The Industrial Internet has a wide range of applications, covering all areas involving the use, management and operation of industrial and basic infrastructure equipment and resources, and all areas that can benefit from the optimization results brought about by informatization and intelligentization, including smart cities, smart buildings, healthcare, transportation, oil and gas, electricity, mining, agriculture and forestry, and of course, smart manufacturing .
Different paths lead to the same goal
Meanwhile, the advancement of internet technology in the industrial sector is receiving increasing international attention, with Germany's Industry 4.0 being the most influential example. Industry 4.0, as a future-oriented project, originated from the German government's "High Technology Strategy 2020 Action Plan" in 2010. The Industry 4.0 platform was formally established in 2013 as an organization to integrate German domestic enterprises, industries, research institutions, government, and labor resources. Its aim is to identify all relevant development trends in the manufacturing industry, determine the understanding of Industry 4.0, and formulate joint recommendations, with the ultimate goal of establishing Germany as a major market and supplier of advanced manufacturing solutions.
The basic measures of Industry 4.0 or smart manufacturing are to establish an intelligent network that can be autonomous and mutually controlled throughout the entire value chain by connecting machines, workpieces and systems, and enterprises. These concepts, measures and technologies are integrated and interconnected with the Industrial Internet and will all be based on Cyber-Physical Systems (CPS).
Whether it's the Industrial Internet, Industry 4.0, or intelligent manufacturing , although their starting points, perspectives, and application areas differ, they all share a core concept: to apply the core technologies of the Internet—computing and communication networks—more broadly and deeply into industrial systems and infrastructure to achieve deep integration of information technology and production operation technology. They all aim to achieve a common goal: to make optimal decisions in the information space through computation by real-time perception of the physical entity's state and environment, and to dynamically optimize the use of physical resources.
This can be viewed as follows: the Industrial Internet encompasses the optimization of all industrial systems and basic infrastructure resources, including manufacturing, while Industry 4.0 focuses on optimizing production resources based on the specific needs of manufacturing. Cyber-Physical Systems (CPS) are the foundational technologies and building blocks for achieving these resource optimizations. Ultimately, both the Industrial Internet and Industry 4.0 establish system-level (SoS-level) CPS, and these interconnected CPS have become an indispensable part of the Internet of Everything.

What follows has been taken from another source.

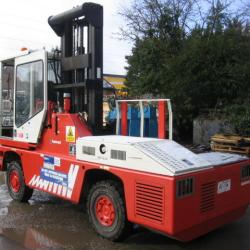 FANTUZZI MSF50U 5 TON SIDE LOADER FORKLIFT .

Literature indicates that the concept of the Internet of Things (IoT) was first proposed in September 1985, before the internet had truly taken shape. At that time, Peter T. Lewis, a pioneer in wireless communications in the United States, presented a report to a congressional meeting supported by the Federal Communications Commission (FCC), stating that the Internet of Things (IoT) was a trend of integrating people, processes, and technologies with connectable devices and sensors to enable remote monitoring, status, manipulation, and evaluation of these devices. This is strikingly similar to the current understanding of the IoT.